• **ACTION ITEM**:
Among the lines below, output only those between the line holding "1960 Lincoln St, North" and the line holding "2024 UConn Health", inclusive, exactly as written and with no pictures.

Image-text web data:
[Start of section]

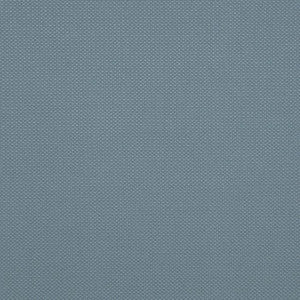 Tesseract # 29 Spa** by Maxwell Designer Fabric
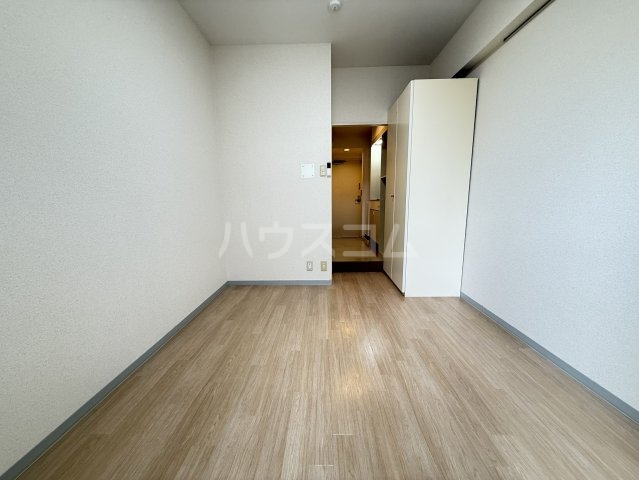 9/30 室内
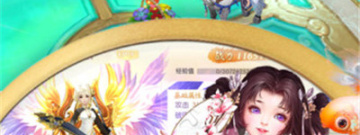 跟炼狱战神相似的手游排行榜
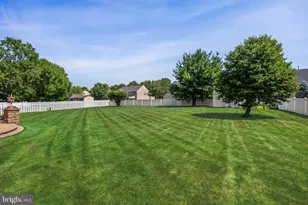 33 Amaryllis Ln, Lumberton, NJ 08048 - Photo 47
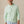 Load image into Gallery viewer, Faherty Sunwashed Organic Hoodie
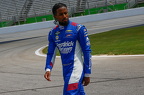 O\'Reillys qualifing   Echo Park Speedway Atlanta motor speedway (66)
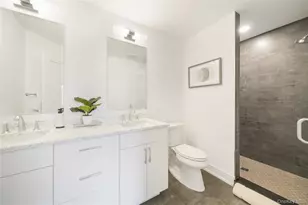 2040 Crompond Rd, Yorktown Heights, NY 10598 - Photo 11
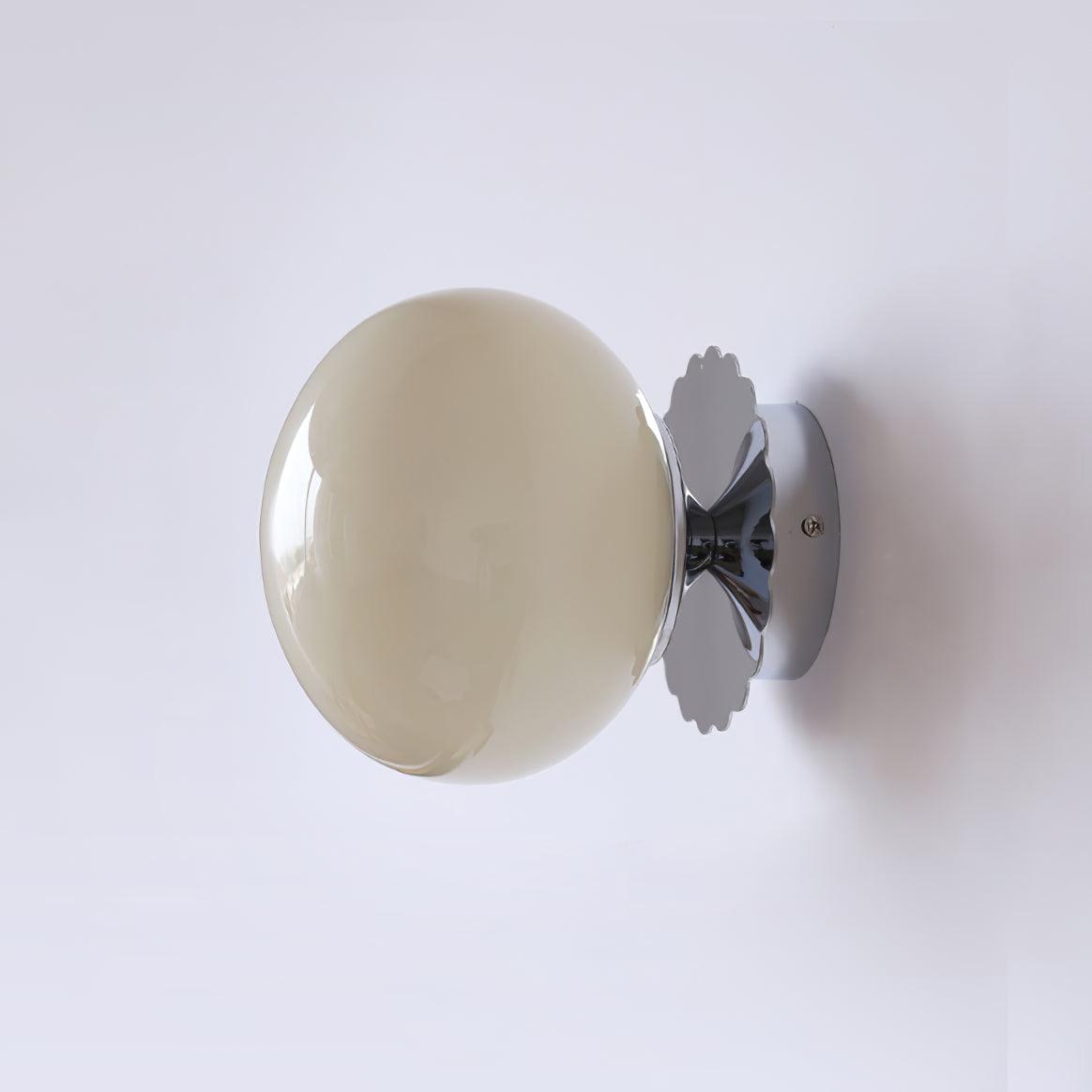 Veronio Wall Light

[End of section]
[Start of section]

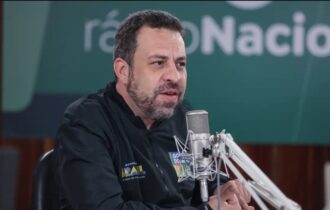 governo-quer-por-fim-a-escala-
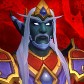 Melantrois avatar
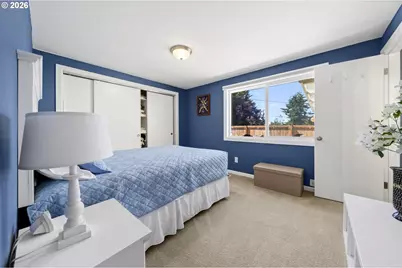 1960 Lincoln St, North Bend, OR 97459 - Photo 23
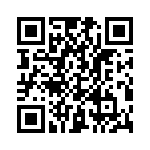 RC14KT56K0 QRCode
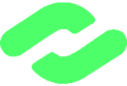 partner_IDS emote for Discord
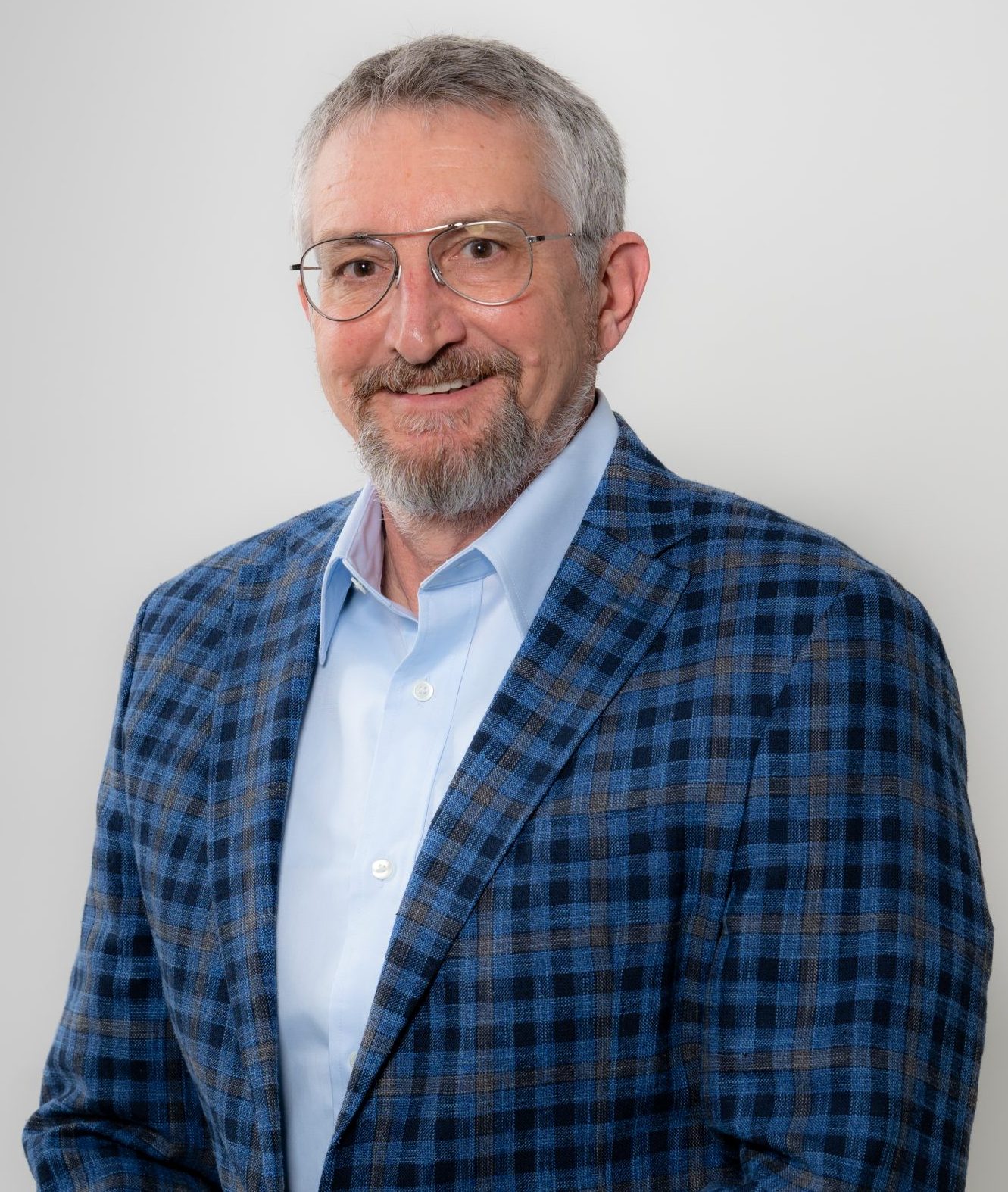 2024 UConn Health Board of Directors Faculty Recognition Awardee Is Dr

[End of section]

• **EXERCISE SOLUTION**:
 1960 Lincoln St, North Bend, OR 97459 - Photo 23
 RC14KT56K0 QRCode
 partner_IDS emote for Discord
 2024 UConn Health Board of Directors Faculty Recognition Awardee Is Dr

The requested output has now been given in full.